Jolley’ last five works were –
The George’s Wife (1993) – my review
The Orchard Thieves (1995) – Kim’s review
Lovesong (1997) – my review
An Accommodating Spouse (1999)
An Innocent Gentleman (2001)
It is obvious I expected Jolley to always write autofiction, but the last of those appears to have been The George’s Wife. It seems Jolley has another mode, not fantasy, but maybe a dreaminess at one remove from reality, which applies to Milk and Honey, to her later works, and to a lesser extent to a couple of others, The Newspaper of Claremont Street and The Well which have at least some grounding if not in Jolley’s life then in her geography.
An Accommodating Spouse is written in the third person, but is entirely the thoughts, memories and actions of one man, “The Professor” (of Literature) on the occasion of the twenty first birthday of his triplet daughters. You immediately ask, do I condemn Jolley for writing as a man? No, I do not. When a women writes as a man I as a man learn a lot about women, what women think about men. You however, being mostly women, can only ask does Jolley think the same things about men as I do?
As with The Orchard Thieves and Lovesong, there is very little sense of place, and in fact, less than in those two, which at least seem to provide glimpses of Perth.
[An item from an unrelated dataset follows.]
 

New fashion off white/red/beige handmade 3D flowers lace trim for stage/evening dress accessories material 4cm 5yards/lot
I think we may infer, from trips undertaken by his daughters and by the Professor’s mother, Lady Carpenter, that we are overseas from England and presumably in a city in Australia, but certainly no more than that.
The professor has a twin sister, whom he hardly knows and who plays no part in the story; he is married to Hazel and Hazel’s twin sister lives with them –
Neither of the sisters could be described as pretty or even good-looking, rather they possess a particular energy and an unusual sense of humour which takes over from time to time. Hardly humour, he tells himself whenever he recollects, if he has to, one of their frolics. There was one night when Chloë was in the bed instead of Hazel.
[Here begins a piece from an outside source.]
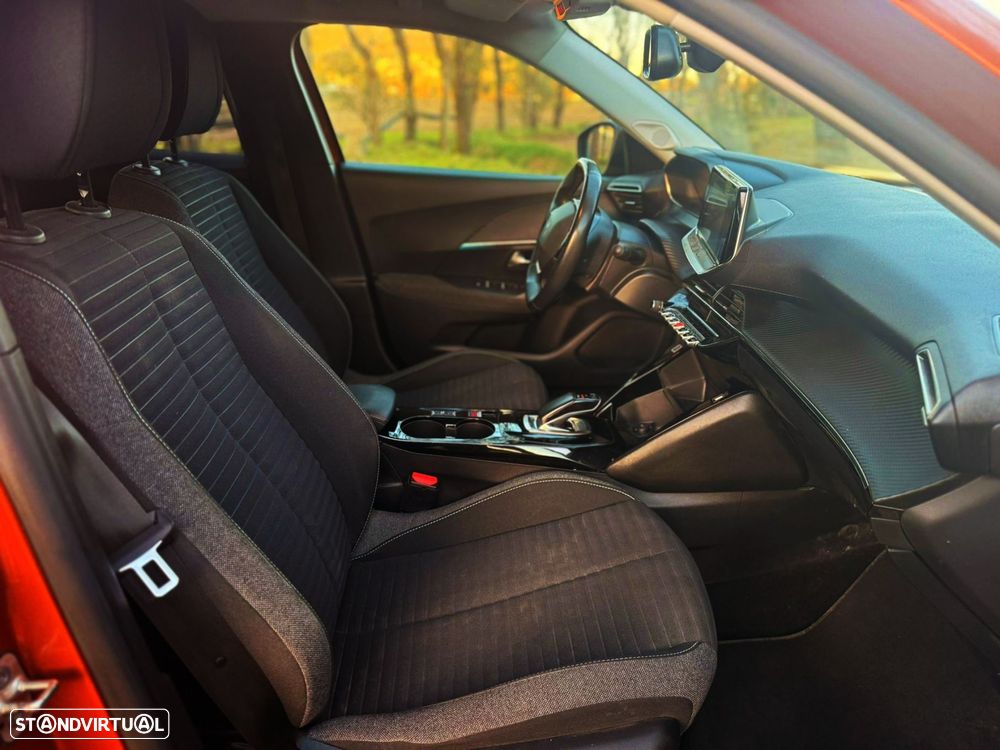 Peugeot e-2008 Style - 10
Chloë doesn’t respond when he strokes her and that’s the end of that. As I said, he and Hazel have triplets, now attractive young women. The professor has a woman on his staff, Florence, who has professed her love for him at some time in the past. They arranged to meet but at the last minute he had to go shopping with Hazel, and the opportunity was if not lost, at least postponed indefinitely as Dr Florence took in a female ‘companion’, Bianca. Hazel seems aware of this thing between her husband and Dr Florence and maybe even sets them up.
There are also two boys, 10 and 12 but also referred to as ‘twins’, who are meant to be adopted by Dr Florence and Bianca but who end up spending weekends with Hazel (and Chloë) and the Professor. Why they do and why they are in the story, I don’t know.
In a comment on modern youth, though not any modern youth I’ve ever met, on the night of the twenty-first the band and all the daughters’ guests declare themselves (without prior warning) to be vegetarian and teetotal.
Chloë reaches, with her muscles, into the freezer for a spinach quiche, and Hazel puts out a jug of iced water. The Professor, relieved, steps into the protection of his own thoughts and his wishes for Dr Florence to arrive. Or rather he wishes to slip away from the nightmare of scattered guests who do not seem to know any party behaviour, especially the triplets and their special guests.
At the end of the book Hazel has a tear in her eye, but says (ostensibly of the lawn which has suffered during the party), ” she is sure there isn’t anything between them which can’t be managed.”
What is the point of the story? That a dreamy professor of Literature, lost in his Classics, must come to terms with his scantily (and sometimes un-) clad daughters who, it turns out, are doing a bubble bath commercial shoot in the middle of their party? Maybe. But anyway I enjoyed it.
Elizabeth Jolley, An Accomodating Spouse, Penguin, Melbourne, 1999. 255pp.